Serial No. 63/175,753, filed April 16, 2021 . The above-identified application is hereby incorporated by reference as if fully set forth in its entirety.

FIELD

[0002] This application relates to switching roller finger followers and more specifically to a switching roller finger follower having a metal sheet stamped outer body.

BACKGROUND

[0003] Switching rocker arms allow for control of valve actuation by alternating between two or more states, usually involving multiple arms, such as in inner arm and outer arm. In some circumstances, these arms engage different cam lobes, such as low-lift lobes, high-lift lobes, and no-lift lobes. Mechanisms are required for switching rocker arm modes in a manner suited for operation of internal combustion engines.

[0004] Variable valve actuation refers to manipulating the timing of valve action with respect to engine cylinders. A cylinder of an engine has a reciprocating piston. An intake valve controls when the cylinder is open to intake a charge, and an exhaust valve controls when the cylinder is open to exhaust a spent charge.
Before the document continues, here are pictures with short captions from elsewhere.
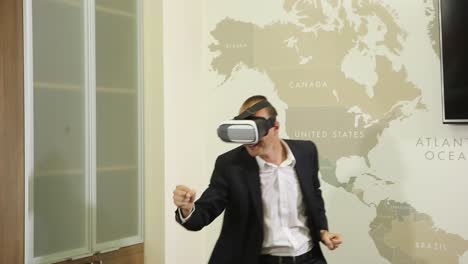 business man using vr glasses. good looking business manager relaxing at a room and using vr glasses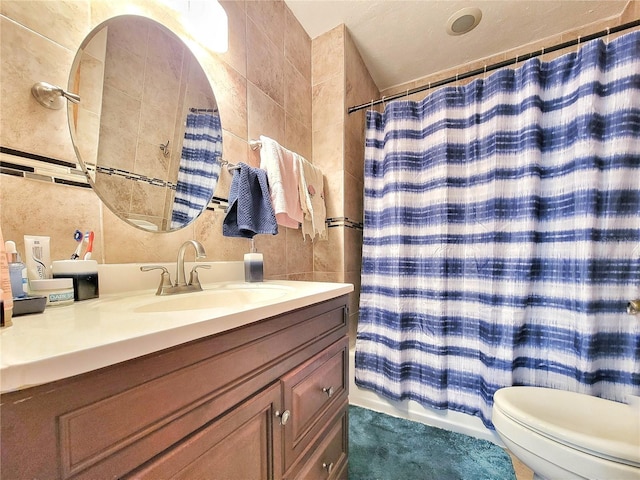 bathroom featuring tile walls, toilet, vanity, and a shower with curtain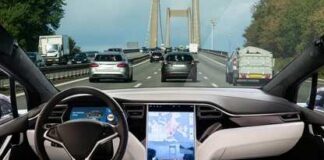Car interior with large touchscreen showing navigation on a busy highway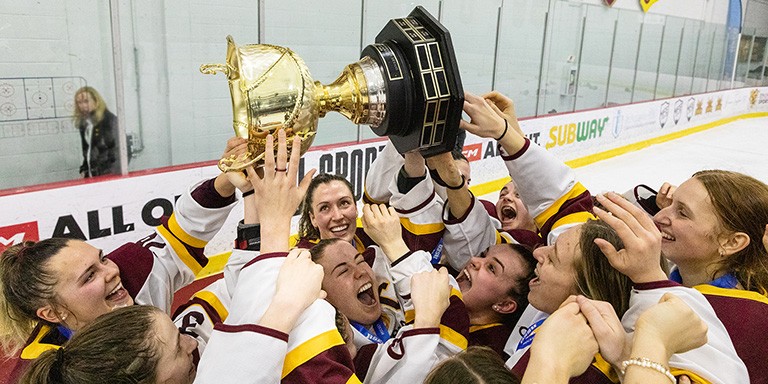 Members of the Stingers women's hockey team hoist the winning cup over their heads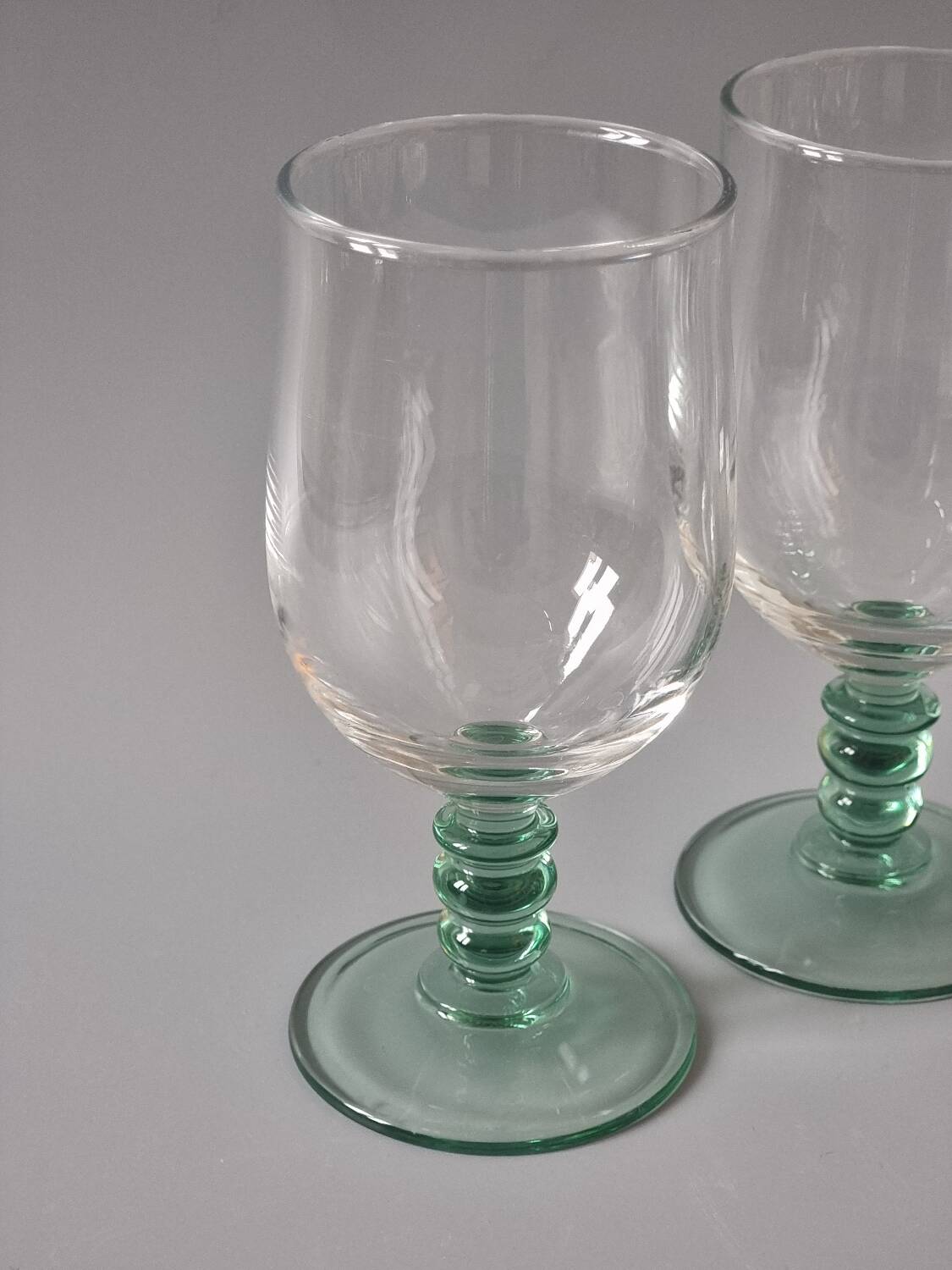Green stemmed glasses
Techniques include early intake valve closing (EIVC) and late intake valve closing (LIVC). “Early” and “Late” are with respect to a normal Otto cycle valve closing timing, which is near bottom dead center of piston travel. [0005] Another technique deactivates the valve motion altogether, resulting in a “lost motion.” Examples of mechanisms for cylinder deactivation can be seen in WO 2014/071373, and related applications, assigned to the present applicant. The mechanisms of WO 2014/071373 are used for implementing either a valve lift event or a cylinder deactivation event. The rocker arm can either actuate a valve, or accommodate “lost motion” during a cylinder deactivation event.

[0006] In some examples manufacturing of such switching roller finger followers can be expensive. Commonly used technology for manufacturing outer bodies of switching roller finger followers include investment casing or metal injection molding (MIM). These techniques are expensive due to the operation itself and the necessity of further machining the part.

SUMMARY

[0007] A switching roller finger follower (SRDD for valve actuation includes an outer arm assembly, an inner arm, a bearing axle and a latch pin. The outer arm assembly can be pivotally coupled to a main axle. The outer arm assembly can comprise a main body and a latch pin body. The inner arm can be coupled to the main axle and be pivotably secured to the outer arm assembly. The bearing axle can extend through the outer arm assembly and the first inner arm. The bearing axle can support a roller thereon. The latch pin can be slidably disposed in the outer arm and be movable between at least a first position where the outer arm and the first inner arm are coupled for concurrent rotation and a second position wherein one of the outer am and the first inner arm can be configured to rotate relative to the other of the outer arm and the first inner arm. The main body and the latch pin body can both be formed of a metal stamping. [0008] According to other features, the main body can include outer side arms. The outer side arms can define grooves thereon. The grooves can have a square profile. The main body can define a plurality of apertures therethrough. The apertures of the plurality of apertures can beach define a square profile. The latch pin body can comprise a forward body portion, a rearward body portion and an upper body portion. The upper body portion can include extension portions. The extension portions of the latch pin body can have a square profile and be received by the grooves of the main body portion. The extension portions can be staked into the grooves of the main body portion. The latch pin body can include a plurality of pins extending therefrom.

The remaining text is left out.